I am not one of those who denies the possibility of revelation. My own life has been guided by some of what I believe was revealed to me. But I am troubled when any one or any group of us claims to possess some complete or final truth. "That settles it" is not only a conversation-stopped, it seems to me an assertion that no human being can ever be entitled to make --at least about such important questions as what we human beings are, how we should live our lives, and what our place is in the great scheme of things.
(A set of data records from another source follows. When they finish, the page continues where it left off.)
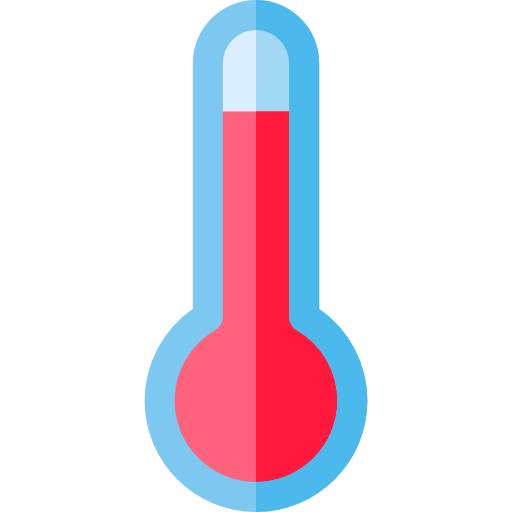 Thermometer - Free weather icons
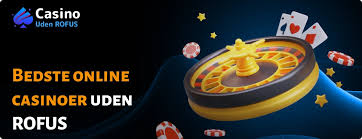 Opdag Free Spins Online Casino Bonusser for Ultimativ Underholdning Opdag Free Spins Online Casino Bonusser for Ultimativ Underholdning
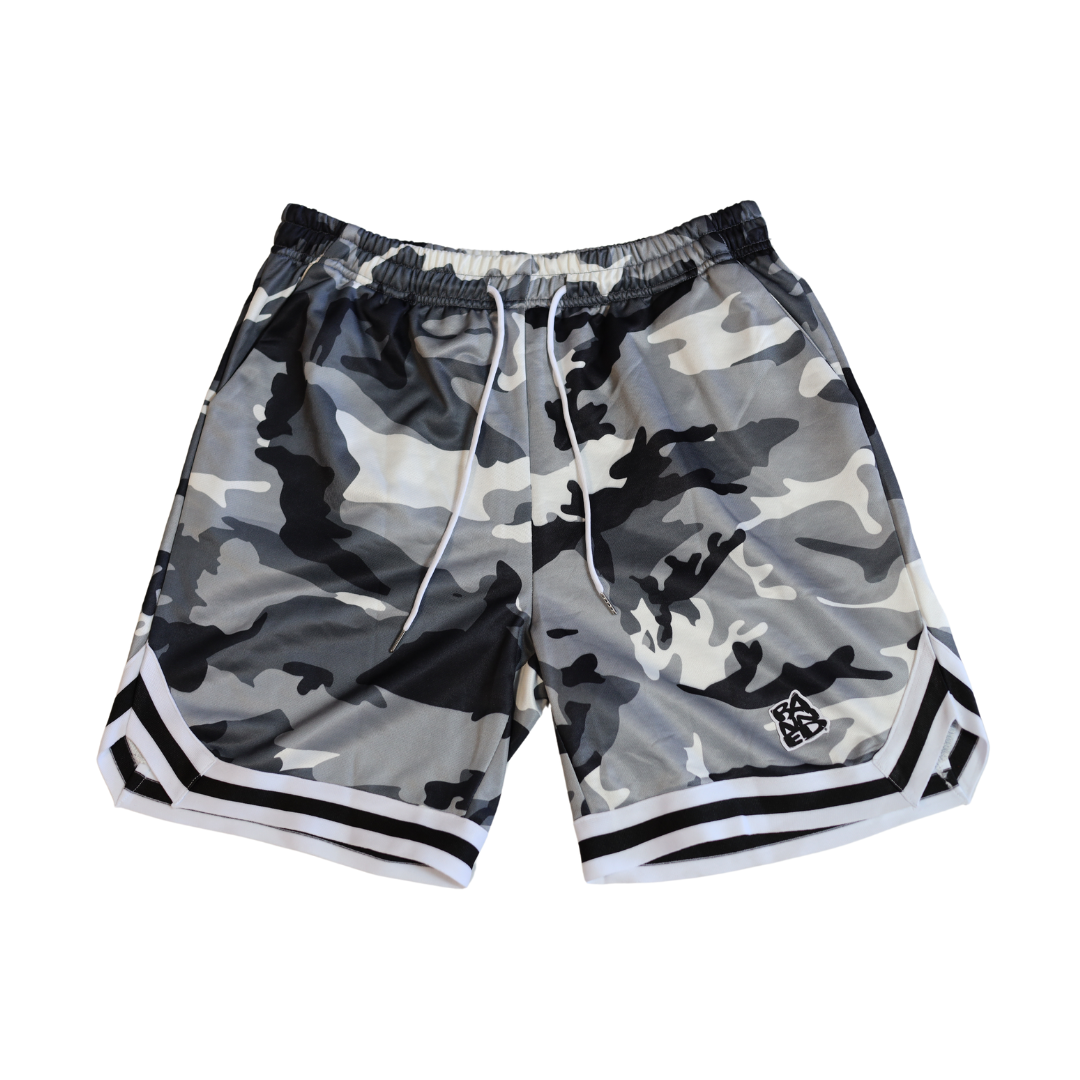 BANNED Lounge Shorts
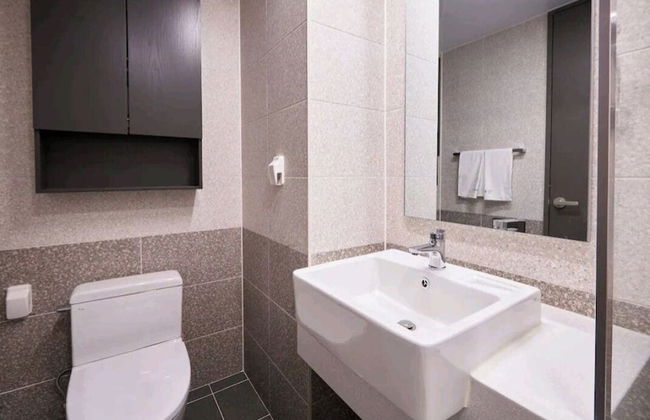 The Bayment Residence - Foto 24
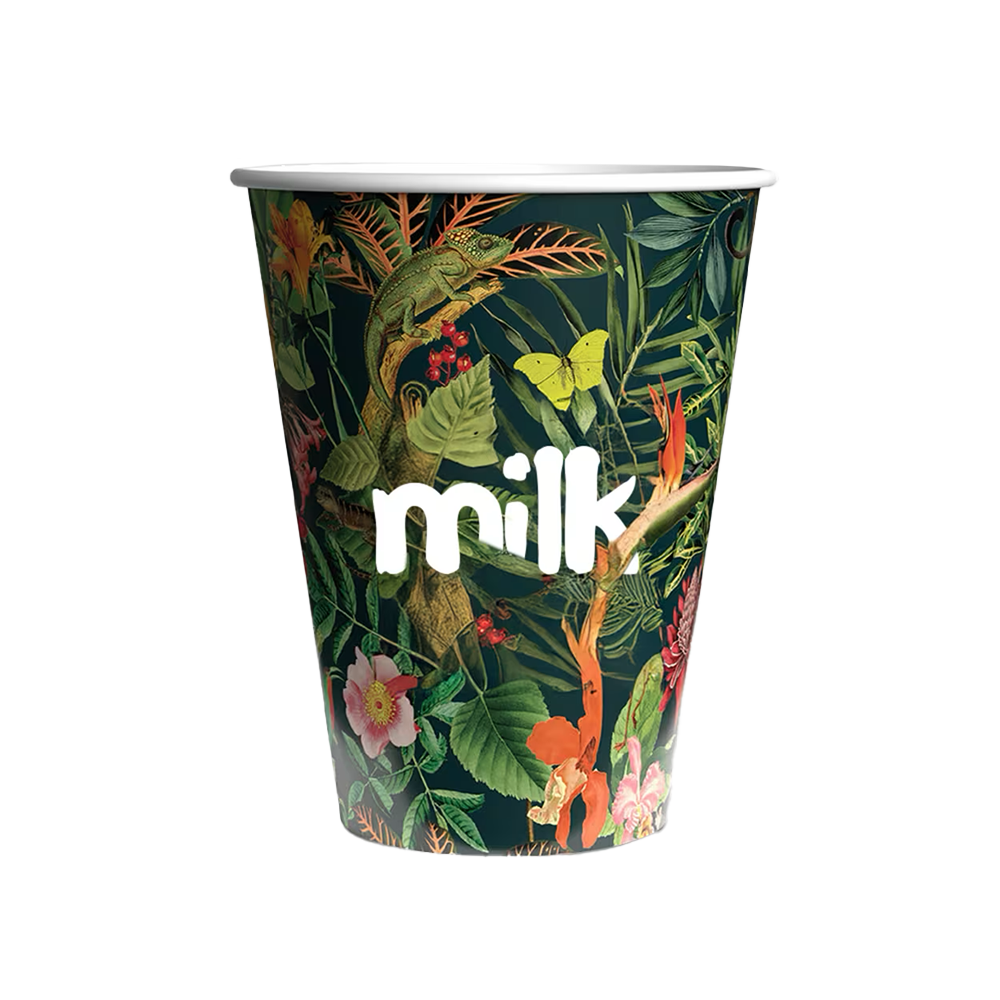 Latte Cup 300 ml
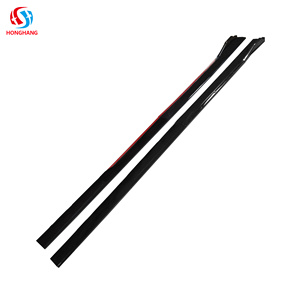 Protector de Carrocerí<span class=keywords><strong>a</strong></span> para Automóviles de Honghang Manufacture, Alerón Lateral Universal de Nuevo Estilo para Todo Tipo de Automóviles <span class=keywords><strong>D</strong></span> - Product Image 6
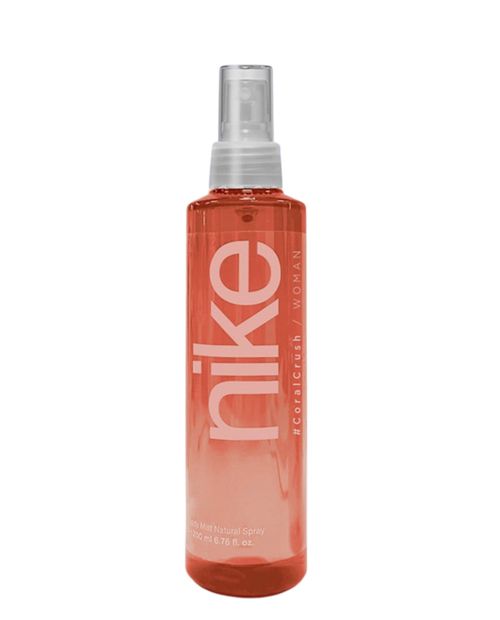Nike Coral Crush Woman Body Mist 200ml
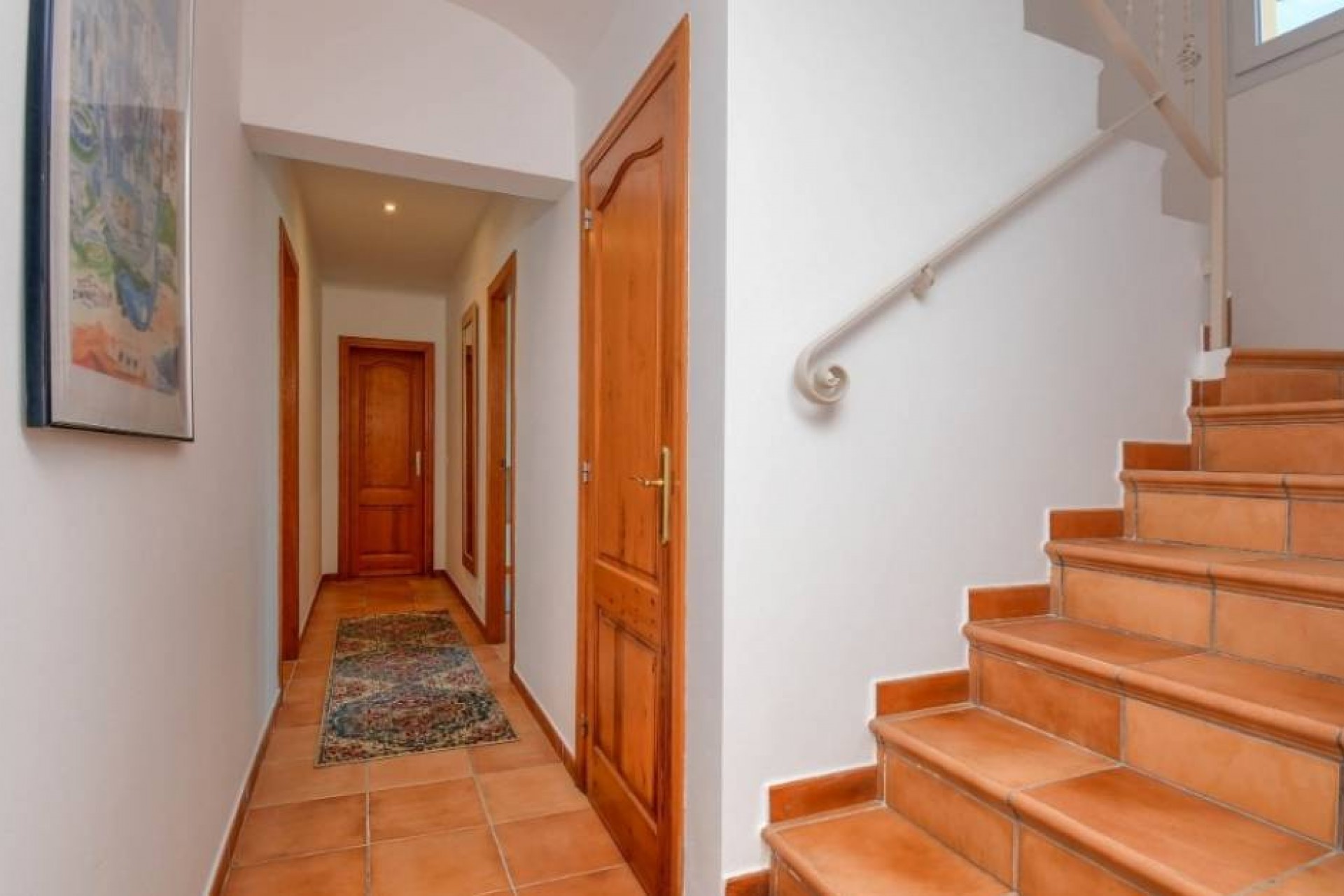 Sale - Villa -
Benissa - Baladrar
Even if there are sacred texts --inspired by divine revelation-- who is to say that any one text exhausts all that God has to say? The texts of Christianity and those of Buddhism both run deep. If I am born to Christian parents, on what basis can I judge that what my tradition has recorded of what God has said is valid while what others say they have received over thousands of years is not, when I know that if I had been born in some other part of the world I would probably believed the opposite?

If the Evangelical Christian asserts that Christ is "the Way," and if the Muslim asserts that Mohammed's word is God's final word, and the Mormon maintains that the Book of Mormon completes the picture-- how are they all to speak with one another? Must each, in embracing his part of what God has said, take the position that God cannot have said other things to other people?

Even human teachers may fashion their message to the particular needs and abilities of their students. I know that I, as the father of three children, have said some different things to each of my children, according to what I thought each needed to hear. What would happen to our understanding --to our humility and our sense of awe-- if we imagined that our Heavenly Father has given as much of His truth to His children in other traditions as to His children in our own tradition?

I know that my teaching to a child at age two years will be different from what I will say to her ten years later. To a two-year-old, maybe I'll simply say "Stay out of the street!" When she is eight, I'll try to make sure she looks in both directions when crossing, that she walks on the correct side, and stays away from the more dangerous thoroughfares. When the teenager learns to drive, still more complex teachings are required. I would not be pleased to hear my sixteen-year-old recall what I said to her at two, and say, "Dad said it, I believe it, and that settles it." Similarly, there may be moral and cultural questions that God would not wish to have settled by what He said to those pastoral peoples who preceded us millennia ago, nearer the dawn of civilization.

Then there is the whole matter of interpretation. Any human teacher knows that even the best student listening to the most straight-forward lecture is unlikely to grasp entirely what the teacher was saying. How much more fallible is the human rendering likely to be when the message is God's Truth, something our great mystics and theologians have said so far surpasses human understanding.

Revelation does not occur by FAX. So what grants any of us the certainty that the text as handed down to us by our forebears, and as read by ourselves, catches precisely either the spirit or the letter of what our Heavenly Teacher wished for us to understand?

So, what am I suggesting?

I am not suggesting that any of us discard the texts in which we believe. Nothing I am saying challenges the notion that these texts are sacred or that they are revealed. Nor am I saying that there is no such thing as moral truth toward which we should be striving.

What I am suggesting is that we talk with one another with the presumption that anyone may have some piece of the truth --even of God's truth-- that we ourselves do not yet grasp. That the human search for truth and understanding is inevitably either on-going, with questions perpetually to some degree unsettled, or else has been prematurely closed. That when it comes to our understanding of what God says we are like the blind men in the story from the Sufi tradition who come upon an elephant. One feels the trunk and declares the thing to be like a rope; one, feeling a leg, says no, it's like a pillar; while another, who discovers the ear, is sure it is a great flap. Only if they can learn from each other can they overcome the handicap of their blindness.

There is another bumper-sticker I think would serve us better: "A mind is like a parachute," it says. "It only works when it is open."